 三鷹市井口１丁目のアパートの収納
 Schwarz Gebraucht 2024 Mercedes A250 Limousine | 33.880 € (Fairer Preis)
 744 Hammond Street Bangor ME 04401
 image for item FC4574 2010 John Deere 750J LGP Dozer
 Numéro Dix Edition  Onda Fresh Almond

● ● ●

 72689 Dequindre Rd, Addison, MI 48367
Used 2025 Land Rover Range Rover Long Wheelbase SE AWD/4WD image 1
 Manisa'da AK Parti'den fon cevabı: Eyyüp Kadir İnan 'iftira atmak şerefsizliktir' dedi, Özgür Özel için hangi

● ● ●

◆ Work to complete:
Produce a word-for-word copy of everything above from the line holding "Used 2025 Land" down to the line holding "Manisa'da AK Parti'den", with both of those lines kept.

◆ Solution below:
Used 2025 Land Rover Range Rover Long Wheelbase SE AWD/4WD image 1
 Manisa'da AK Parti'den fon cevabı: Eyyüp Kadir İnan 'iftira atmak şerefsizliktir' dedi, Özgür Özel için hangi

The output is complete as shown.